▶ **Problem to solve**:
What lines in the records below contain the string "Schwarz"? Copy every one.

Stored items
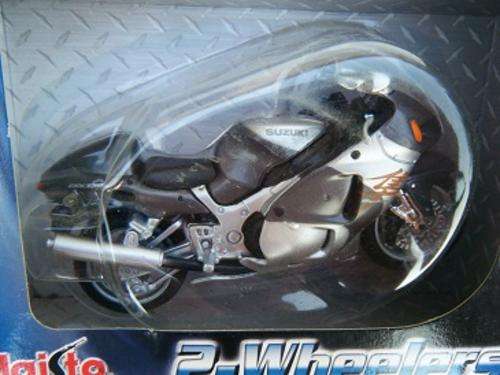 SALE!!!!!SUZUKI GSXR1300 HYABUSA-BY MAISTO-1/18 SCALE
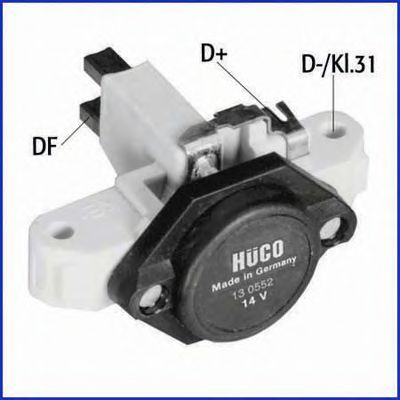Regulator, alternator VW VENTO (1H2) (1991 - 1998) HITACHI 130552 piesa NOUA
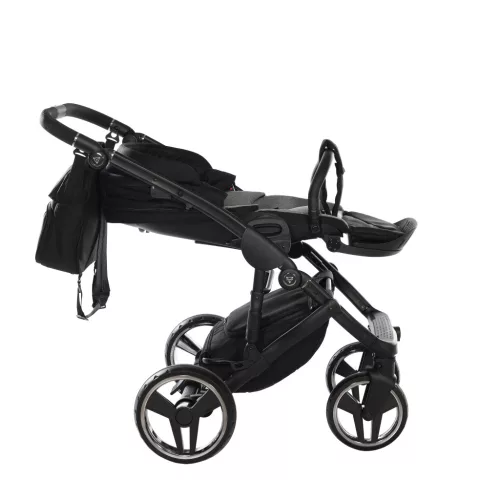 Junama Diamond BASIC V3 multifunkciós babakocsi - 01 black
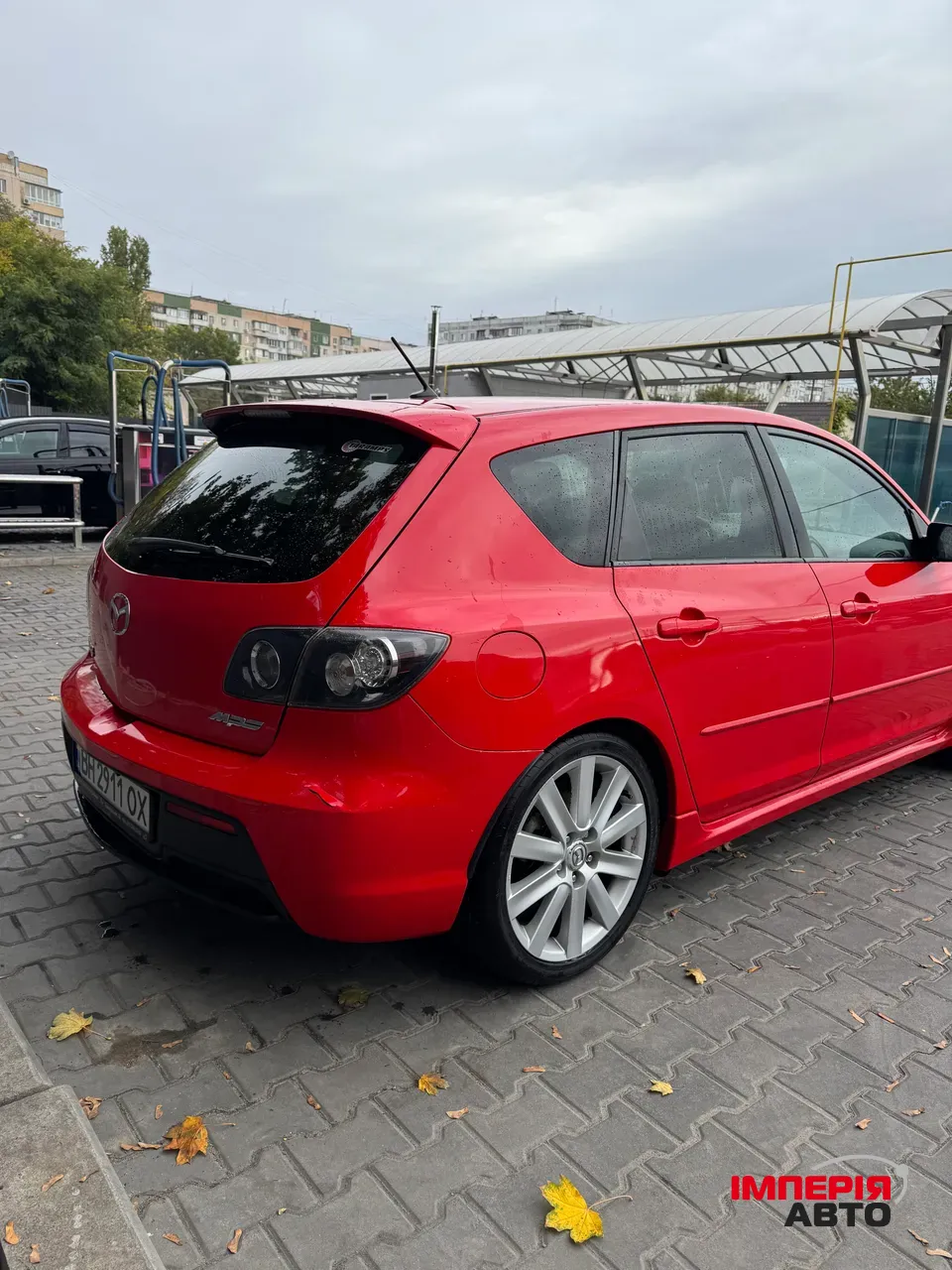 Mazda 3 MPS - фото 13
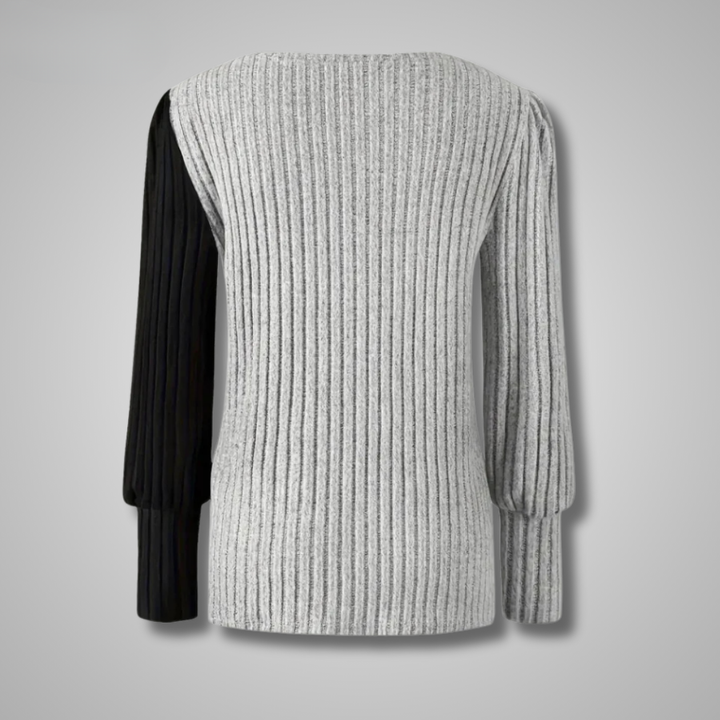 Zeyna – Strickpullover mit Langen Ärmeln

==

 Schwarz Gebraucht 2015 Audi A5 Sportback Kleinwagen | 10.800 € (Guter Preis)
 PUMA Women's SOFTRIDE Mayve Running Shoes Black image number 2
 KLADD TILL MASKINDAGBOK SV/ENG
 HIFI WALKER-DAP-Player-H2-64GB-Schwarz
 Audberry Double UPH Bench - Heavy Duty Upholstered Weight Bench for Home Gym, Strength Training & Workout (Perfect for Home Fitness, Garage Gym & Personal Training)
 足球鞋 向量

▶ **Exercise result**:
 Schwarz Gebraucht 2015 Audi A5 Sportback Kleinwagen | 10.800 € (Guter Preis)
 HIFI WALKER-DAP-Player-H2-64GB-Schwarz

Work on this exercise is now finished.